|
Last month, I sat with a senior manager—let’s call her Sarah—who looked exhausted. Not from the work itself, but from the web of people.
Her days were a constant negotiation:
- Supporting direct reports (each with their own needs and conflicts).
- Translating the CEO’s shifting priorities into something that made sense.
- Managing across functions—finance, operations, marketing—each with different rhythms, languages, and egos.
“I feel like I’m playing whack-a-mole,” she told me. “Every time I solve one problem, three more pop up.”
Here’s the truth: Sarah is smart, skilled, and hardworking. The problem wasn’t her. The problem was relational complexity.
What Is Relational Complexity?
Every leadership challenge has a hidden dimension: the number and diversity of relationships you’re holding at once.
- 1:1 conversations: Can you say what needs to be said?
- Team conversations: Can you balance conflict and alignment?
- System-wide conversations: Can you navigate competing agendas and power dynamics without burning out—or breaking trust?
As complexity scales, so do the skills required to lead effectively. Why This Matters Middle managers like Sarah sit at the multiplier point of culture. Research shows when they gain the skills to navigate relational complexity, trust, accountability, and innovation accelerate. Avoidance, on the other hand, compounds complexity. What gets left unsaid in a 1:1 leaks into the team. What the team avoids spills into the system. Silence costs more than honesty. A Tool to Help You See the Terrain That’s why I created the Relational Complexity Calculator (RCC). It helps you:
- Diagnose the true level of complexity in your challenge.

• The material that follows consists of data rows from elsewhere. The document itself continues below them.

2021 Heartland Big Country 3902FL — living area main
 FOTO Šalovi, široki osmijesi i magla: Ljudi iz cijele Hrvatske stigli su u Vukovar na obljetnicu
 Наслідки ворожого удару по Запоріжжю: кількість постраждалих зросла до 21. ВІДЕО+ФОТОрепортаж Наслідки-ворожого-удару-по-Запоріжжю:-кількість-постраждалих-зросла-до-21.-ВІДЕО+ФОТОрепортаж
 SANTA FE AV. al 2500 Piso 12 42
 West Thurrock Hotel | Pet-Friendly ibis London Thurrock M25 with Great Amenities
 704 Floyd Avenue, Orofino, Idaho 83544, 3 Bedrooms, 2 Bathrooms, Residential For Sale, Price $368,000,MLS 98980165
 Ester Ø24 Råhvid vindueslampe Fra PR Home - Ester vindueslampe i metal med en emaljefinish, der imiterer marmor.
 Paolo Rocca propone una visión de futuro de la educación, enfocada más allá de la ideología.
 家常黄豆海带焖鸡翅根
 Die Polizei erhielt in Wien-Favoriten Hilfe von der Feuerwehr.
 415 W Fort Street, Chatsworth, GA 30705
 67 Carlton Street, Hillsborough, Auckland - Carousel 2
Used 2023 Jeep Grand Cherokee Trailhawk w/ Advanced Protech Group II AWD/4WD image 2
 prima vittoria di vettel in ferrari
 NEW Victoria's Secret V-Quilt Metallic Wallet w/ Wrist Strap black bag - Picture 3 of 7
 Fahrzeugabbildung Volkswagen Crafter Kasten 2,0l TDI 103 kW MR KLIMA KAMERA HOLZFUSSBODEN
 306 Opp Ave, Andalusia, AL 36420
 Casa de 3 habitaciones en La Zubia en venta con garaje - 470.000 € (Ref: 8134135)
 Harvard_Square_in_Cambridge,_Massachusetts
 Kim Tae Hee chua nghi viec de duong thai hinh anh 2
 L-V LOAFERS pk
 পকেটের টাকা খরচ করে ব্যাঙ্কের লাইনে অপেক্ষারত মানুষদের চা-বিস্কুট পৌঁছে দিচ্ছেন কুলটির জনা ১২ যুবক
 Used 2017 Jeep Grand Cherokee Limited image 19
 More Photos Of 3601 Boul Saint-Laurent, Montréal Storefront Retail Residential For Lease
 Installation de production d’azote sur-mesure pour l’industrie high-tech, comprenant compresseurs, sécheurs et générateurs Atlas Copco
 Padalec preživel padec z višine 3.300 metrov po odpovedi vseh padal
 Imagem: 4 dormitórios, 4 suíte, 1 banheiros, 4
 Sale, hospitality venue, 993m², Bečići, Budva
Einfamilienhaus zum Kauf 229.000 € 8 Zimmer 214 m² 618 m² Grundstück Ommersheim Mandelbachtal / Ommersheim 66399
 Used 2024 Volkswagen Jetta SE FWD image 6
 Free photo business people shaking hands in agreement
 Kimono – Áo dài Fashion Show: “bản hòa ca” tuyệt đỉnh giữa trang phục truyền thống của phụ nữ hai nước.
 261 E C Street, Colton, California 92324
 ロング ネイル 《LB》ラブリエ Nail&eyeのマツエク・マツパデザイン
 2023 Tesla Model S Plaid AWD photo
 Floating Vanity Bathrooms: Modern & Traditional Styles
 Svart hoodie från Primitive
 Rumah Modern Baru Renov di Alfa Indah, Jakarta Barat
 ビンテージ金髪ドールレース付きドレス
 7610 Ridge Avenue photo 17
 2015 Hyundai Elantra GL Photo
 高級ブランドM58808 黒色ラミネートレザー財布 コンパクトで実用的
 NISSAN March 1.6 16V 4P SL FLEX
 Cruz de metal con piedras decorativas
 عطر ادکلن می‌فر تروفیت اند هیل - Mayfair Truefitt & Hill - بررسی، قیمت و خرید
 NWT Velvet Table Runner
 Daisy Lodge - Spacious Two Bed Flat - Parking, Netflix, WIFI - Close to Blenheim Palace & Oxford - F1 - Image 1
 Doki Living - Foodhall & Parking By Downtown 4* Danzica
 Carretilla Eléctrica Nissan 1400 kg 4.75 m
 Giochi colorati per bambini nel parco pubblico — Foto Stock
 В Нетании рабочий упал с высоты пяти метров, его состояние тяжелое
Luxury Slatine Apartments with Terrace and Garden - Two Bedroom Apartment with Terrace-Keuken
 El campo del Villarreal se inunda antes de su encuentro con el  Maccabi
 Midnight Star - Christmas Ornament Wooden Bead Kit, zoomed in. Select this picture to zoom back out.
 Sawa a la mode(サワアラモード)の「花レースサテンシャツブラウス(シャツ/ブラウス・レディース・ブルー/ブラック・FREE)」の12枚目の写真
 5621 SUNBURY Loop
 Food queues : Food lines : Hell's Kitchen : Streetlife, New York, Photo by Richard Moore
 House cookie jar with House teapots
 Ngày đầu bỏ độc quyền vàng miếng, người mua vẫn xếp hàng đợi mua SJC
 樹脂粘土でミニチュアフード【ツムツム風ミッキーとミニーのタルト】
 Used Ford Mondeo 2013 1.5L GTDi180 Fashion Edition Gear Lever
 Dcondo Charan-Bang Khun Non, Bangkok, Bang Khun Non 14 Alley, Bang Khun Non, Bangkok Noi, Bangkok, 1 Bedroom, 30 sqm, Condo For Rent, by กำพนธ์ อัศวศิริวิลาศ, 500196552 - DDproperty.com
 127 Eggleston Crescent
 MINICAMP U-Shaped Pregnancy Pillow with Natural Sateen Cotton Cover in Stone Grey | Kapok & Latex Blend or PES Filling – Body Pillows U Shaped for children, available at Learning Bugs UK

- Identify the leadership capacity you need.
- Grow your ability to handle bigger, messier, more meaningful conversations.
Access the Relational Complexity Calculator Use it before your next tough meeting. Map the terrain. Notice what skills it calls for. Remember: capacity can be built. Closing Thought Sarah didn’t need to work harder. She needed to see the level of complexity she was in—and shift her approach. That’s leadership in a nutshell: not doing more, but seeing more. And the clearer you see the terrain, the more powerfully you can lead on it. Moe P.S. Leadership isn’t about solving every problem. It’s about seeing the system you’re in—and choosing the right moves for the level of complexity you face.